Published online Oct 15, 2021. doi: 10.4239/wjd.v12.i10.1704
Peer-review started: February 25, 2021
First decision: June 23, 2021
Revised: July 28, 2021
Accepted: August 30, 2021
Article in press: August 30, 2021
Published online: October 15, 2021
Processing time: 230 Days and 5.6 Hours
Metabolic syndrome is a pre-diabetic state characterized by several biochemical and physiological alterations, including insulin resistance, visceral fat accumulation, and dyslipidemias, which increase the risk for developing cardiovascular disease. Metabolic syndrome is associated with augmented sympathetic tone, which could account for the etiology of pre-diabetic cardiomyopathy. This review summarizes the current knowledge of the pathophysiological consequences of enhanced and sustained β-adrenergic response in pre-diabetes, focusing on cardiac dysfunction reported in diet-induced experimental models of pre-diabetic cardiomyopathy. The research reviewed indicates that both protein kinase A and Ca2+/calmodulin-dependent protein kinase II play important roles in functional responses mediated by β1-adrenoceptors; therefore, alterations in the expression or function of these kinases can be deleterious. This review also outlines recent information on the role of protein kinase A and Ca2+/calmodulin-dependent protein kinase II in abnormal Ca2+ handling by cardiomyocytes from diet-induced models of pre-diabetic cardiomyopathy.

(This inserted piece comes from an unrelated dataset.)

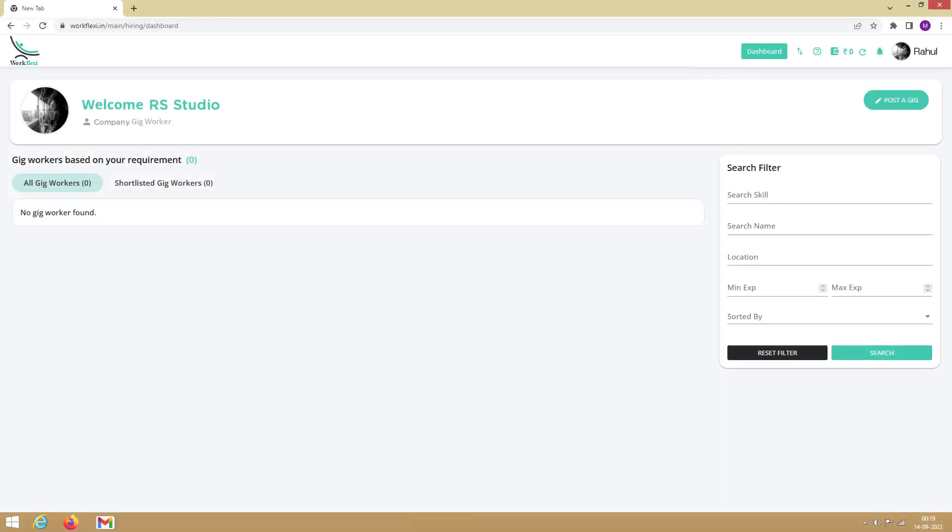The company gig worker flow remains the same as the individual gig worker except that you need to register a company to continue. Thank you.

Core Tip: Metabolic syndrome affects heart function leading to pre-diabetic cardiomyopathy. In an attempt to overcome contractility dysfunction, the activity of the sympathetic nervous system increases, but chronic stimulation of β-adrenoceptors leads to alterations in both protein kinase A and Ca2+/calmodulin-dependent protein kinase II activity, the main effectors of the β-adrenergic response. This work recapitulates current evidence about the participation of protein kinase A and Ca2+/calmodulin-dependent protein kinase II in experimental pre-diabetic cardiomyopathy, emphasizing the prevailing role of CaMKII in the development of cardiomyocyte Ca2+ mishandling and myocardial dysfunction associated with pre-diabetes.